Hasta setenta veces siete, que es lo mismo que decir “siempre”, “en todo momento”. Sin embargo, no parece ser gratis del todo, exige por parte del perdonado un cambio, una actitud diferente. Así parece manifestarse del ejemplo que pone Jesús referente al que siendo perdonado no hace lo mismo con su deudor y es entregado a los verdugos. Pero por otra parte nos lo pone como ejemplo para los que no estamos dispuestos a perdonar de corazón. Tal que oramos diciendo “perdona nuestras ofensas, como nosotros perdonamos a los que nos ofenden”. Y lo decimos casi a diario y no llegamos a enterarnos del todo.
Cuando hoy, en muchos de los casos que suceden a nuestro alrededor, optamos por la venganza para suplir lo que no hace la justicia, o al menos no lo hace con la rapidez que todos deseáramos, el texto nos debe hacer pensar. Cuando nos planteamos cambiar las penas a algunas culpas sociales pues nos parece insuficiente la condena de algunos o muchos años, viene hoy el setenta veces siete del Evangelio. Difícil de asimilar y de comprender todo esto del perdón, sobre todo cuando nos afecta personalmente. Cuando más decimos, no deseamos al otro el mismo mal que nos hizo, pero lo que es olvidar es harina de otro costal. Y puede que tengamos razón, pues la misma Iglesia nos exige cinco condiciones para el perdón sacramental, no solo reconocer el pecado y decirlo, sino cambiar de vida, estar seriamente dolido del tema y cumplir la penitencia o condena que se nos imponga.

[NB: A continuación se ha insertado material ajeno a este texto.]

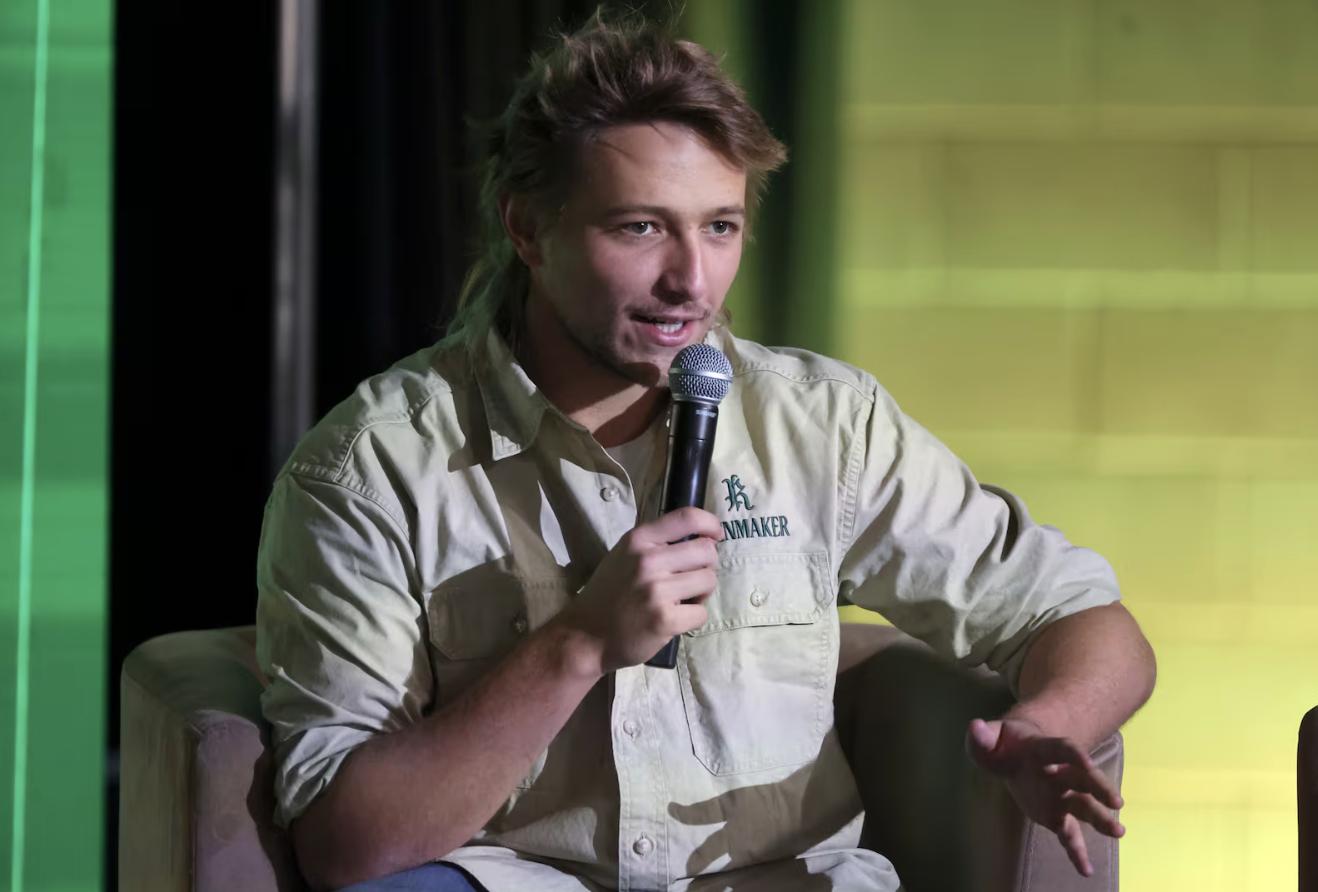 Rainmaker Technology Corporation founder and CEO Augustus Doricko speaks during a kickoff event for Rainmaker Technology Corporation’s Bear River Basin cloud seeding program at Rainmaker in Salt Lake City on Nov. 7, 2025.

Menos mal, por otra parte, que no somos nosotros ni cada uno en particular los encargados de juzgar a los demás, sino que nuestra sociedad está organizada para ello, pues nuestra tendencia natural suele ser más a la condena que al perdón, tal es así que criticamos las normas sociales y constitucionales por ser garantistas. Perdón y justicia, dos realidades que no deben estar en conflicto y que de hecho el Evangelio tampoco las pone, pues nos indica el criterio de “no hacer con los demás, lo que no queremos hagan con nosotros mismos”. Criterio, por otra parte, propio de la ley natural. Así como experiencia intensa de la persona que construye su interior, limando sus asperezas, con la actitud de la reconciliación y no con la del odio, que nos rompe por dentro y nos quita la paz del espíritu.